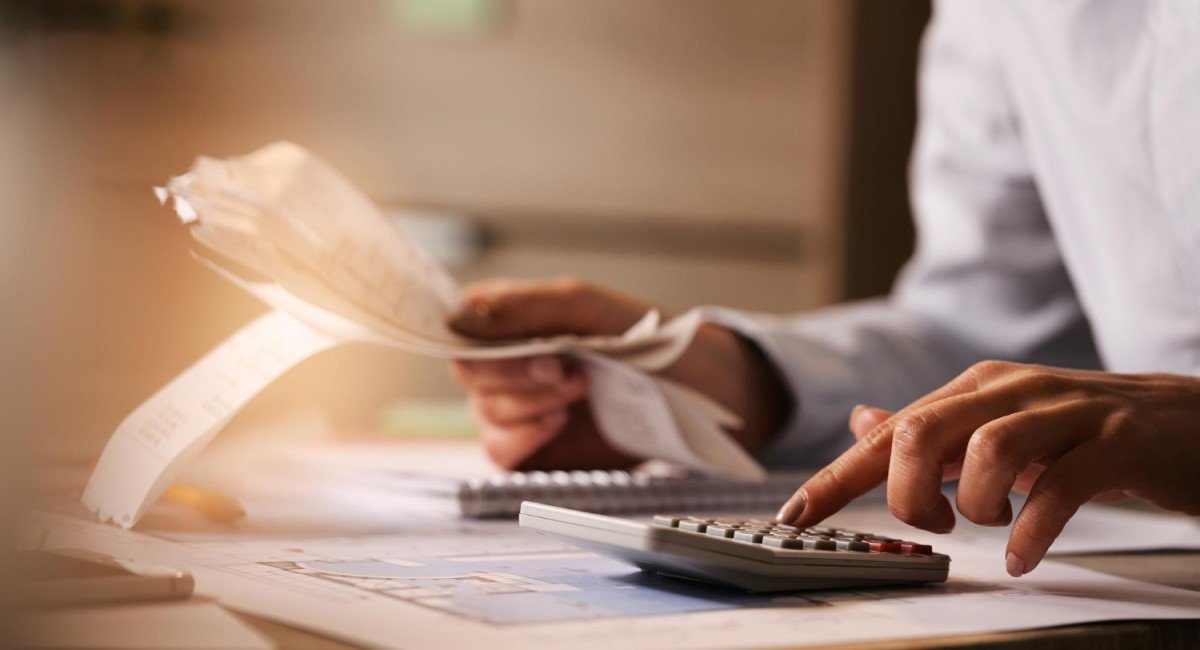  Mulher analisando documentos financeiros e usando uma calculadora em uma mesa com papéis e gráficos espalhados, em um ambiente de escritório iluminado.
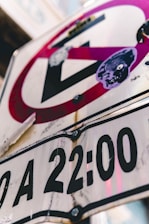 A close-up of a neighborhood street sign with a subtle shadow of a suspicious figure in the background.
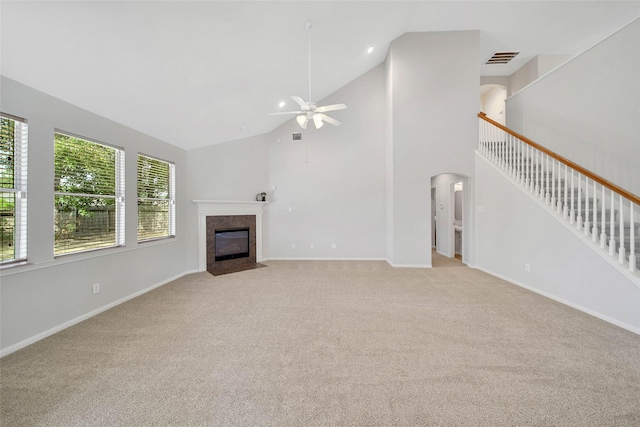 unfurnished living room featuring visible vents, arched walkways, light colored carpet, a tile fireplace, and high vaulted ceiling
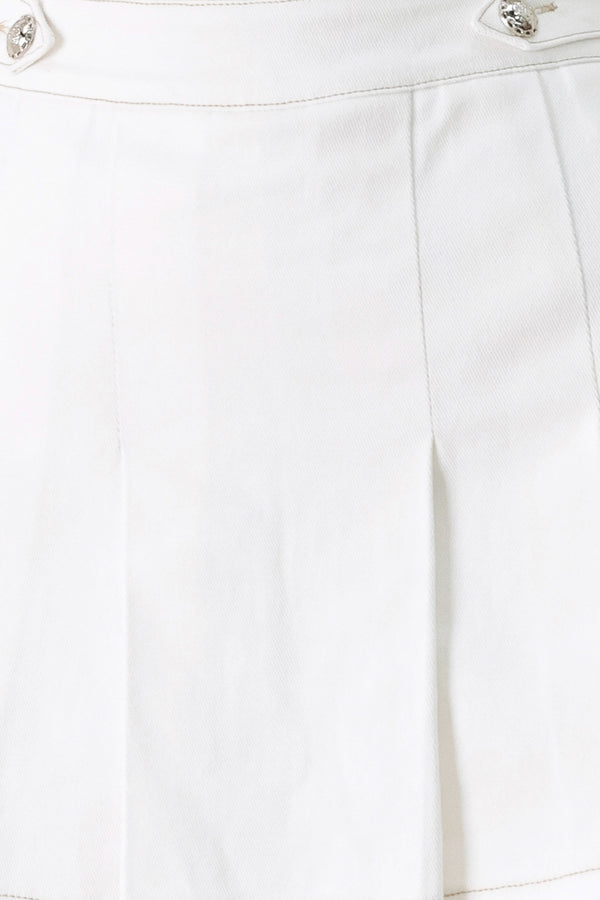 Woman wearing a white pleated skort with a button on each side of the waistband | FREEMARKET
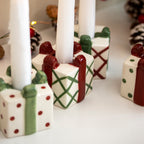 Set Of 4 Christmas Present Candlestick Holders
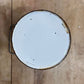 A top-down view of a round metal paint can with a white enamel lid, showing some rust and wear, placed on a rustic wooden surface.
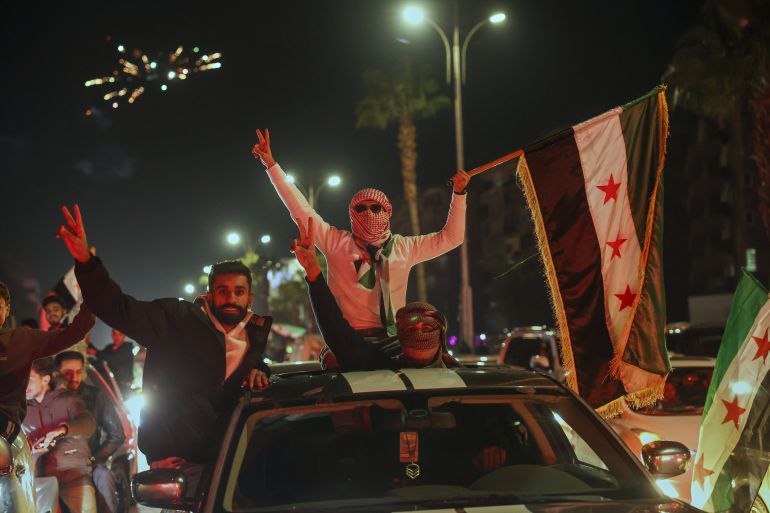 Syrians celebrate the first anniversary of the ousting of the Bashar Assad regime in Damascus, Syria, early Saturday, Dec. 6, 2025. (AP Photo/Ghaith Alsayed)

■ ■ ■ ■

◆ EXERCISE AIM
Copy the material exactly. Do not include the pictures.

◆ RESPONSE TO THIS EXERCISE
  Mulher analisando documentos financeiros e usando uma calculadora em uma mesa com papéis e gráficos espalhados, em um ambiente de escritório iluminado.
 A close-up of a neighborhood street sign with a subtle shadow of a suspicious figure in the background.
 unfurnished living room featuring visible vents, arched walkways, light colored carpet, a tile fireplace, and high vaulted ceiling
 Woman wearing a white pleated skort with a button on each side of the waistband | FREEMARKET
 Set Of 4 Christmas Present Candlestick Holders
 A top-down view of a round metal paint can with a white enamel lid, showing some rust and wear, placed on a rustic wooden surface.
 Syrians celebrate the first anniversary of the ousting of the Bashar Assad regime in Damascus, Syria, early Saturday, Dec. 6, 2025. (AP Photo/Ghaith Alsayed)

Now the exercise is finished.